Now, using a well-defined set of properties, one CAN create Menu Sets for PrE. There are also several additional Menu Sets available from Muvipix, including one with a Text-only Scene Selection Menu. These can be purchased, or can be downloaded free, if one is a subscriber.
One consideration, in your stated case, is that if you have a Widescreen Project, you can ONLY have 18 Buttons on any one Menu. If you have a Scene Selection Menu for 18 Chapters, then you have no room for a Back to Main Menu Button. If you have a Standard Project (4:3), you can have up to 36 Buttons on a Menu, so all is cool, so long as you can fit them into the area - NO element of a Button may overlap any element in another.

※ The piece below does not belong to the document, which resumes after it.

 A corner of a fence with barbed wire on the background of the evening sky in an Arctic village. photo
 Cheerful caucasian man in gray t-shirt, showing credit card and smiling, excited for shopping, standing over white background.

If one is creating, or editing a Menu Set, I strongly advise that they spend a great deal of time studying similar Menu Sets from the Library. There are many conventions that MUST be maintained, and if one does not, problems WILL occur.
This ARTICLE will give you a few tips on editing/creating PrE Menu Sets.
Steve Grisetti also has some useful articles on editing Menu Sets, on Muvipix.
For more options, regarding Menus and navigation, many like Sony's DVD Architect. One limitation of that program is that it does not use Photoshop PSD's for the Menus. I do not know about its Menu editing capabilities, or any limitations. I use Adobe Encore, and it does use PS Menus, and is also 100% manual, so I can set up any navigational scheme that I want - though I do this fully manually. Unfortunately, it is ONLY available bundled with PrPro, and not as a stand-alone.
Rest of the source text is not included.